Der Weg aus der Enttäuschung, die nach einem solchen überflüssigen monologischen Rückschritt notwendig folgt, wird dem Menschen durch die liebende göttliche Nähe selbst erleichtert. Wir können sie uns jedoch von unserer Seite her durch eine weitere Vorstellung versperren, dass Gott uns verlassen hat (und nicht wir ihn). Diese Vorstellung kann im Dialog mit Gott viele fließend ineinander übergehende Bedeutungsvarianten haben: von dem Hilferufen bis zur verbitterten Ablehnung. Darin ist die Vorstellung der Verlassenheit – mit ihren monologischen Kriterien – für die Beziehung zu Gott gefährlich.

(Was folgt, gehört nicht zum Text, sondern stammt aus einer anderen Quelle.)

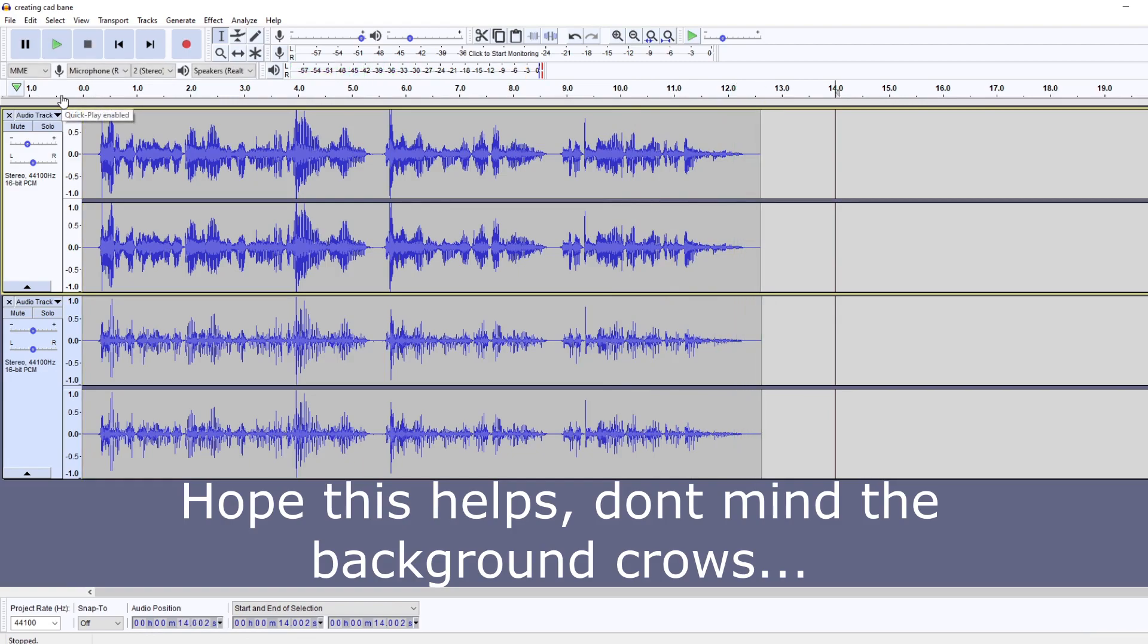All right, and that's it. Super simple, super fast, easy, done. All of this is done in Audacity, no mods. Give it a go, and yeah, hopefully this helped you.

Der Dialog mit der göttlichen Nähe hat also seine spezifischen Weisen der Bedrohung.
(A.) Gerade die Sicherheit der Beziehung kann sich unwillkürlich von dieser Beziehung trennen und sich selig in sich selbst verschließen. In der selbsttätigen Beharrung des Bewusstseins der Nähe Gottes kann sich der Mensch von der Nähe Gottes absondern. Ohne es zu wollen – oder gerade deswegen, weil er (monologisch) nicht will. Dann, wenn er am meisten der göttlichen Nähe sicher ist, gibt auch seine Vorsicht gegenüber äußeren störenden Faktoren und Einflüssen nach, denen er unreflektiert unterliegen und es erst später erkennen kann.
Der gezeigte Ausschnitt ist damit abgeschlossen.